Source material –
========
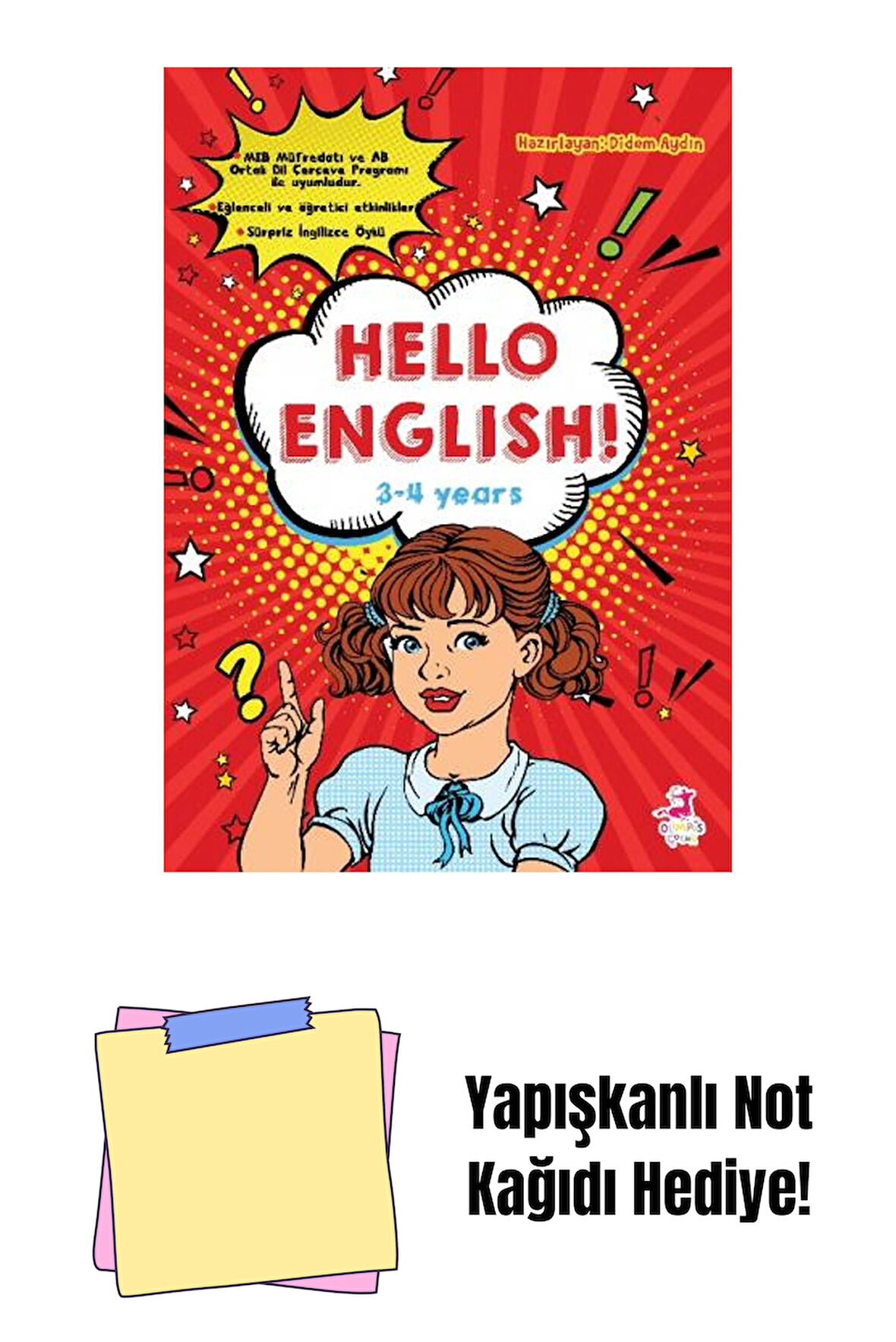 3-4 Years + Yapışkanlı Not Kağıdı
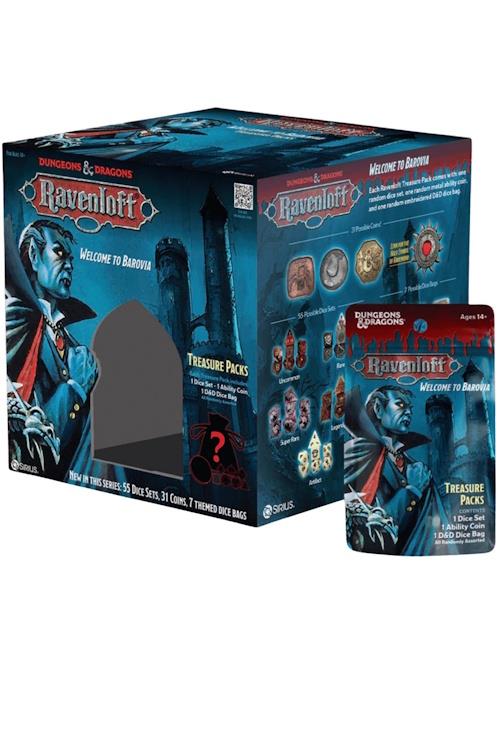 Sirius Dice - D&D Ravenloft: Castle Ravenloft Treasure Packs Blind Box Display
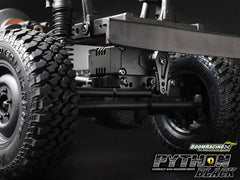 PYTHON™ BLACK BR-45WP HV Waterproof 45kg/0.11s @8.4v Axle Mounted Servo w/ Low Profile Horn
========
Problem to work on – Before copying the material, set its pictures aside; then transcribe it word for word.

Output of the task –
 3-4 Years + Yapışkanlı Not Kağıdı
 Sirius Dice - D&D Ravenloft: Castle Ravenloft Treasure Packs Blind Box Display
 PYTHON™ BLACK BR-45WP HV Waterproof 45kg/0.11s @8.4v Axle Mounted Servo w/ Low Profile Horn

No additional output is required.